There couldn’t be a more perfect backdrop for the earth-focused film than the festival: Stunning Coronado Island is just across the water from San Diego, and offers breathtaking views that make it impossible to forget our planet’s beauty — or fragility. We talked with Dr. Brown after a Q&A that was followed, of course, by a vegetarian tasting.
Stacey Farish: Before Impossible burgers, there were other fake meat products on the market. Did you eat those?
Dr. Pat Brown: Not really. The truth of the matter is that I’ve been vegetarian for five decades, I guess, but I was never particularly drawn to fake meat products, to be honest. I didn’t eat them. For me, that held no interest whatsoever.

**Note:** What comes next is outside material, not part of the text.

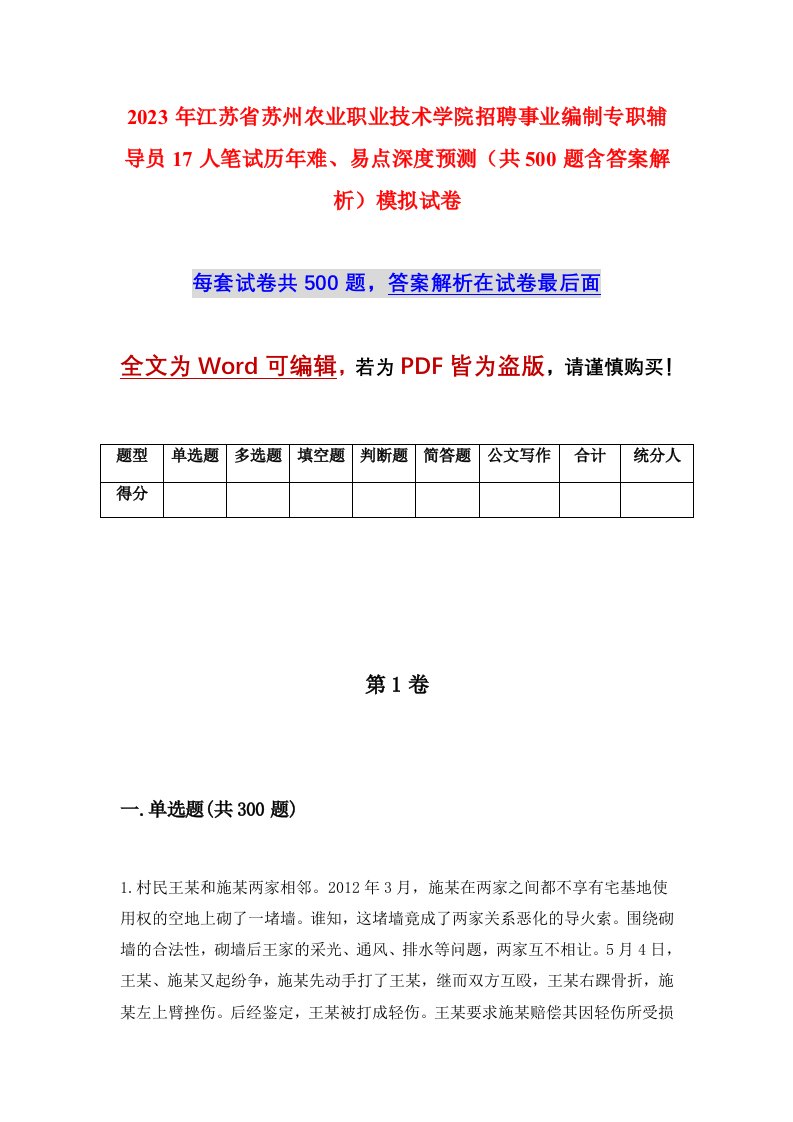 2023年江苏省苏州农业职业技术学院招聘事业编制专职辅导员17人笔试历年难易点深度预测共500题含答案解析模拟试卷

But what I did know was that the problem with those products is that they were always designed with the target customer being someone who wants to replace meat on their plate.
Stacey Farish: Isn’t that a great thing?
Dr. Pat Brown: It’s a losing strategy, because most of the people who love meat are not looking to replace it. And the only way that you solve this problem is by producing foods that the most hardcore meat lover, like the right-wing Glenn Beck, who’s in the movie — a hardcore meat guy who has no interest in replacing meat in their diet — actually likes better than the animal product.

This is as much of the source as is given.